Özellikle rüzgar ve su erozyonu atık ve artıkların bulunduğu döküm sahalarında etkili olmaktadır. Gevşetilmiş ve üzerinde hiçbir bitki örtüsün bulunmayan atık ve artıklar, yağış ve rüzgâr ile birlikte uzun mesafelere taşınabilmektedir.

4.10 Faaliyetlerden Kaynaklanan Atıklar

Taş ocağı faaliyetinin işletme aşamasında oluşması muhtemel atıklar Çizelge 4.5’ de verilmektedir.

Çizelge 4.5. İşletme aşamasında oluşması muhtemel atıklar İşletme aşamasında oluşması muhtemel atıklar 1 Çalışacak personelden kaynaklı katı atıklar 2 Çalışacak personelden kaynaklı sıvı atıklar 3 İş makinelerinden kaynaklı atık yağlar 4.10.1 Katı atıklar

Ocak alanında çalıştırılacak kişi sayısına göre, personelden kaynaklanacak katı atık miktarı hesaplanmaktadır.

Personelden kaynaklanacak katı atık miktarı = 1,4 kg/gün-kişi x ocak alanında çalışacak kişi sayısı “kg/d” cinsinden sonuç vermektedir (TUİK, 2010).

Ocak alanına personelin ihtiyaçlarının giderileceği şantiye binası kurulmaktadır. Şantiye sahasında oluşması muhtemel atıklar yemek artıkları, ambalaj kağıdı, pet şişe, cam şişe vb.dir.
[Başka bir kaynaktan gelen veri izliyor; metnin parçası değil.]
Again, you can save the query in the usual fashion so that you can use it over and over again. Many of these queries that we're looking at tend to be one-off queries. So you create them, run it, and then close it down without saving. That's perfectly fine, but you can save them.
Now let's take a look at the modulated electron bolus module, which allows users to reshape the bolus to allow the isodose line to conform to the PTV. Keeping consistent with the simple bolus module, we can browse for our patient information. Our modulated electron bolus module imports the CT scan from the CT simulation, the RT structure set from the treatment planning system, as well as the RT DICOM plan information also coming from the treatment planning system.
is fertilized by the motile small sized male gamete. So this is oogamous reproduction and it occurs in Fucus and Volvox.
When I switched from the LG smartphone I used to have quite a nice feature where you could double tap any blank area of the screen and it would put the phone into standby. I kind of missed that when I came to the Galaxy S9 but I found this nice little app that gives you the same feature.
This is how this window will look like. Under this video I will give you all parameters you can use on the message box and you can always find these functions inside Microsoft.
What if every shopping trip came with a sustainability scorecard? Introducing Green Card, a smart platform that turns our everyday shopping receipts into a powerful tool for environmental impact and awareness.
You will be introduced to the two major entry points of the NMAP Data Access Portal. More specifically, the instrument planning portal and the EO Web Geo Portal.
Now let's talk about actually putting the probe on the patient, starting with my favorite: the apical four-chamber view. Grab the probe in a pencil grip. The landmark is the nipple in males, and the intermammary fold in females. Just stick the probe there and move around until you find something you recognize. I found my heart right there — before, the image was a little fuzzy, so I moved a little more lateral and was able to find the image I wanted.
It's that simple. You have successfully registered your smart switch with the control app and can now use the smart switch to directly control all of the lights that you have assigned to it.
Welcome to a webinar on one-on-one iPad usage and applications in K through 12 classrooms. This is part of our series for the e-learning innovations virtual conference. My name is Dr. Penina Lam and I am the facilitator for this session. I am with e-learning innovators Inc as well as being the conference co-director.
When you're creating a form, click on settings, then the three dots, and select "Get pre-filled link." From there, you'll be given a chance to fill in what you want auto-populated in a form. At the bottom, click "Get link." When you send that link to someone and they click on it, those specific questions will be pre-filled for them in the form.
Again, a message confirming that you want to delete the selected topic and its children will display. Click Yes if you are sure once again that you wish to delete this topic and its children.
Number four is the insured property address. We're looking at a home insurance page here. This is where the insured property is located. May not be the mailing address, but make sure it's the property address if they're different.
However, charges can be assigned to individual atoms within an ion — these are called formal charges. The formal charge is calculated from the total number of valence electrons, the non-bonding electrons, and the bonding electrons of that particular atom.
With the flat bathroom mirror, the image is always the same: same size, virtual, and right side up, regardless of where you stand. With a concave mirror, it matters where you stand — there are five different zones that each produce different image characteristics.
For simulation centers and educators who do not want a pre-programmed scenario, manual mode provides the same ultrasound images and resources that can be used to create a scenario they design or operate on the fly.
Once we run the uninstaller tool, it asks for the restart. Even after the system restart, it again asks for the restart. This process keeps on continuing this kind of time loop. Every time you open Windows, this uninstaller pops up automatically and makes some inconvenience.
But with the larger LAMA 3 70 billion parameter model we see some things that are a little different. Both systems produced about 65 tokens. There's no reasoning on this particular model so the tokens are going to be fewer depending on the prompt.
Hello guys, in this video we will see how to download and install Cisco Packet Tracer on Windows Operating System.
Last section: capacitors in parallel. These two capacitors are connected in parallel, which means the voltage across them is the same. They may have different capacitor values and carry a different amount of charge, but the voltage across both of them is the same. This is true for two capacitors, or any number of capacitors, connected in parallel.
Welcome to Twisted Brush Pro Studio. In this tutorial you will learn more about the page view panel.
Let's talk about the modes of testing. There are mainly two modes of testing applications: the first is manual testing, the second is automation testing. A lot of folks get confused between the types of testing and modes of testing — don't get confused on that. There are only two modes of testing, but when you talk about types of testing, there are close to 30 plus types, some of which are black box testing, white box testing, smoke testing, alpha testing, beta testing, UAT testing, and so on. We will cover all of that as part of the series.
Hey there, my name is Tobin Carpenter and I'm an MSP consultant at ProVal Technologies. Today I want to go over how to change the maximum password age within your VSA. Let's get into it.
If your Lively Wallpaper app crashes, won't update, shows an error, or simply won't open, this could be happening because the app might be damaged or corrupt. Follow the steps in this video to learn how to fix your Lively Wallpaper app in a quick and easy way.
Bu atıklar Atık Yönetimi Yönetmeliği (2015)’ de belirtilen esaslara uyularak, çevrenin olumsuz yönde etkilenmesine sebep olacak yerlere dökülmeden, ağzı kapalı standart çöp bidonlarında muhafaza edilerek toplanmalı, geri dönüşüme uygun olanlar ise (pet şişe, ambalaj kağıdı, cam şişe vs.) ayrı toplanarak geri dönüşüm tesislerine ulaştırılmalıdır.

(36)

4.10.2 Tehlikeli atıklar (atık yağ)

Faaliyetin işletme aşamasında oluşacak atık yağlar iş makinelerinden kaynaklanacaktır.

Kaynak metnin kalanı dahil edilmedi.